A total of 48 MPXV genome sequences were determined with ≥10X read depth and 39,697,742 HQ reads for each swab. One contig, two contigs, three contigs, and one contig belonged to MPXV with 101%, 97%, and 97% coverage, respectively, of the MPXV-M5312_HM12_Rivers sequence. In total, 21 LCRs were identified with LCR pairs 10/11 and 1/4 having similar copies in the reverse complementary formations.
LCR3 contained a TR with the ATAT [ACATTATAT]n sequence, and the analysis indicated that n=52. None of the MPXV orthopoxvirus genome sequences available publicly had a similarly long TR. Four IIb clade B.1 lineage MPXV genome sequences of the current 2022 MPXV outbreak showed n=54 to 62 LCR3 repeats, and the number of STRs differentiated the sequences from the IIb subclade A lineage genome sequences (12 to 42 STRs in LCR3 regions), indicative of high genetic variability in LCR3.
Likewise, IIb subclade MPXV lineage-specific STR differences were detected in the 1/4 LCR pair. The pair contained an STR with the [AACTAACTTATGACTT]n sequence, and the analysis findings indicated that n=16. LCR3 appeared to have greater length since the viral spillover, whereas the length of the 1/4 LCR pair appeared to have reduced, behaving as a genomic accordion with time.
The II subclade B.1 lineage MPXV_USA_2022_MA001 and 353R genomic sequences had 67 SNPs against the II subclade A lineage reference isolate sequences. In addition, the 353R HQS contained two more SNP pairs on inverted repetitions (ITRs) in the right and left, resulting in an OPG015 gene stop codon. The MPXV_USA_2022_MA001 and 353R sequences also differed by two indels (insertions-deletions) of bases situated at positions 077,133 and 273,173, corresponding to LCR2 region and LCR5 region differences, respectively.

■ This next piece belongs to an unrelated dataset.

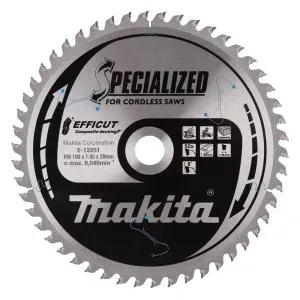 Makita E-12251 kotouč pilový kompozitní dřevo Efficut 190x1.85x20mm 50Z = old E-12186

The 353R HQS differed by 1,338 base pair (bp) and 1,342 bp in genomic lengths compared to the MPXV M5312_HM12_Rivers and MPXV_USA_2022_MA001 sequences, respectively. MPXV LCRs were distributed non-randomly with a significant purifying force of selection against LCR introduction in the central conserved sites. In 353R HQS, LCR regions 2, 5, 7, 10, 11, and 21 showed intrahost genomic diversity, with values for entropy ranging between 0.2 and 1.7, with significantly greater variety in LCRs compared to those in SNPs. The average Euclidean distance between samples for LCRs ranged between 0.1 (LCR21) and 0.7 (LCR2), and the LCR differences showed statistical significance.
LCR 10/11 pair and LCR7 showed considerable intrahost variations and preponderant allelic differences between the samples. LCRs 5, 6, and 7 were situated in a defined central conserved site of the MPXV genome between genomic positions 130,000 and 138,000, and the site comprised OPGs-152, 153, and 154. LCR7 was situated at a functional ORF center, whereas LCR3 and 21 were located in the promoter/starting site, probably altering the starting site of ORF. The region between positions 170,000 and 180,000 included LCRs 2, 3, 19, 20, and 21 and was another site of functional impact.
Overall, the study findings showed that most of the MPXV genomic variability occurred in LCRs. Therefore, research emphasizing phenotypic MPXV differences should focus on LCR variations rather than SNP variations.
bioRxiv publishes preliminary scientific reports that are not peer-reviewed and, therefore, should not be regarded as conclusive, guide clinical practice/health-related behavior, or treated as established information.